Under the proposal, pregnant women still would be able to get later abortions in cases of rape, incest, if the life of the mother is in danger or in instances of “medical futility,” when a fetus would not be able to survive after birth.
Someone who has become pregnant after an incident of rape or incest would have to file a police report to have the abortion performed.
As quiet as the business community has been, several prominent medical groups have loudly opposed the measure. The Medical Association of Georgia, the most influential doctors lobby in Georgia, urged lawmakers to defeat the bill.

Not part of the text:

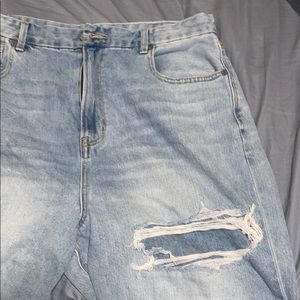 AMERICAN EAGLE JEANS BRAND NEW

And so have a string of physicians groups, punctuated Thursday by a letter from nearly 300 medical school students.
“We ask you, our representatives, to listen to the voices of Georgia’s future physicians and vote against HB 481,” the letter stated.
The legislation would allow any woman who undergoes an abortion to file a civil suit against the abortion provider — for the value of the life of a child whose life began at six weeks. Doctors who perform abortions after 20 weeks without an exemption already are at risk of having their license suspended and facing one to 10 years in prison, according to state law.
Business boosters privately acknowledge the measure is unpopular with some executives, but they question whether it could derail recruitment efforts the same way the religious liberty measure did in 2016. And they point to similar measures that have passed in other states, including Iowa and Kentucky, with little or no economic backlash.
That could be because states are immediately sued over the legislation and courts block the laws from taking effect until the cases are resolved.
A judge stopped a similar law in Kentucky last week from taking effect hours after the governor signed the measure.
Some conservatives said they are more wary of political backlash targeting the dwindling number of Republicans who represent suburban Atlanta districts. In a recent interview, House Speaker David Ralston noted the growing strength of Georgia's film business, which fiercely fought religious liberty legislation but is mostly mum on abortion bills.
“There’s been a great deal of concern in the industry about the (religious liberty) issue. I really haven’t heard from the industry about the heartbeat bill,” Ralston said. “That seems to be regarded differently.”